EXERCISE DESCRIPTION: Make an exact copy of every entry below, with the pictures left out.

Saved data entries:
◆ ◆ ◆ ◆ ◆ ◆ ◆
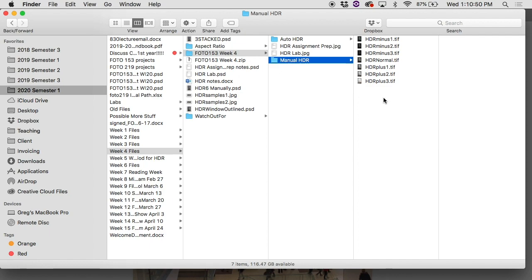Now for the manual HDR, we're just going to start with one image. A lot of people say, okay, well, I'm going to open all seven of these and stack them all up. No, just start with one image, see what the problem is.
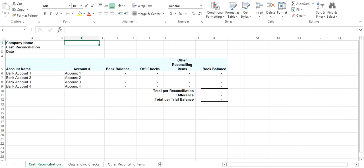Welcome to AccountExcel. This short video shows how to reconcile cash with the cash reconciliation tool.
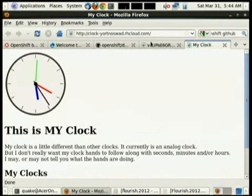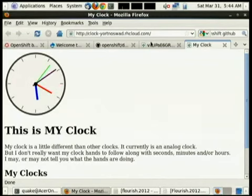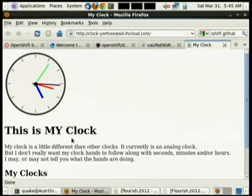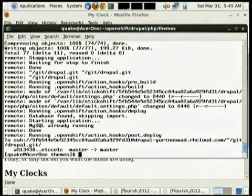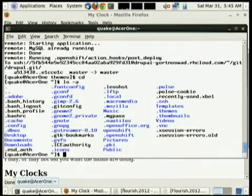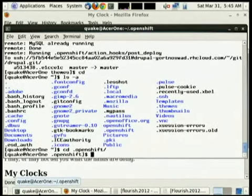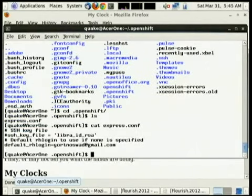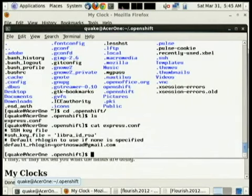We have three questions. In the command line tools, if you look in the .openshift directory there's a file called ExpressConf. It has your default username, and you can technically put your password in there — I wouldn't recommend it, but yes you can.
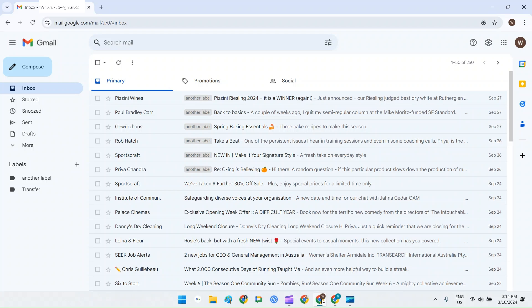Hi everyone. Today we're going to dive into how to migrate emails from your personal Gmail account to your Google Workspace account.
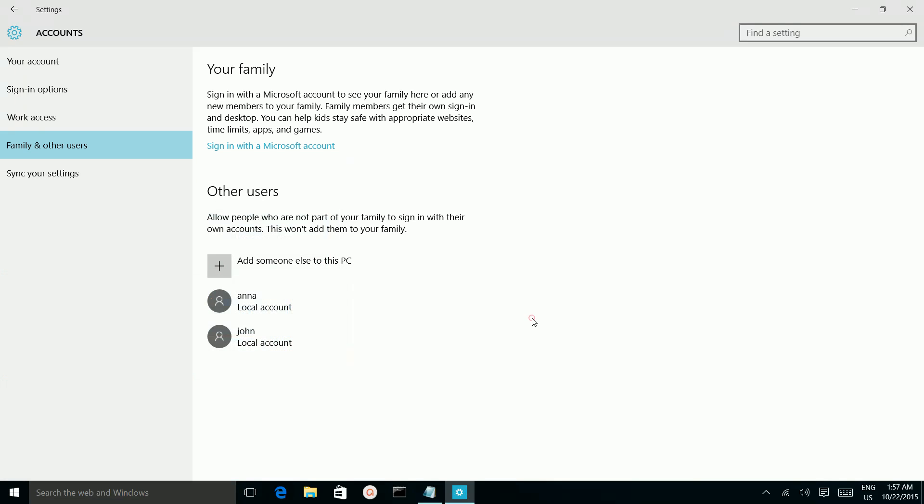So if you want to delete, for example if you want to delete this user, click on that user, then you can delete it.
◆ ◆ ◆ ◆ ◆ ◆ ◆
ANSWER TO THIS EXERCISE:
Now for the manual HDR, we're just going to start with one image. A lot of people say, okay, well, I'm going to open all seven of these and stack them all up. No, just start with one image, see what the problem is.
Welcome to AccountExcel. This short video shows how to reconcile cash with the cash reconciliation tool.
We have three questions. In the command line tools, if you look in the .openshift directory there's a file called ExpressConf. It has your default username, and you can technically put your password in there — I wouldn't recommend it, but yes you can.
Hi everyone. Today we're going to dive into how to migrate emails from your personal Gmail account to your Google Workspace account.
So if you want to delete, for example if you want to delete this user, click on that user, then you can delete it.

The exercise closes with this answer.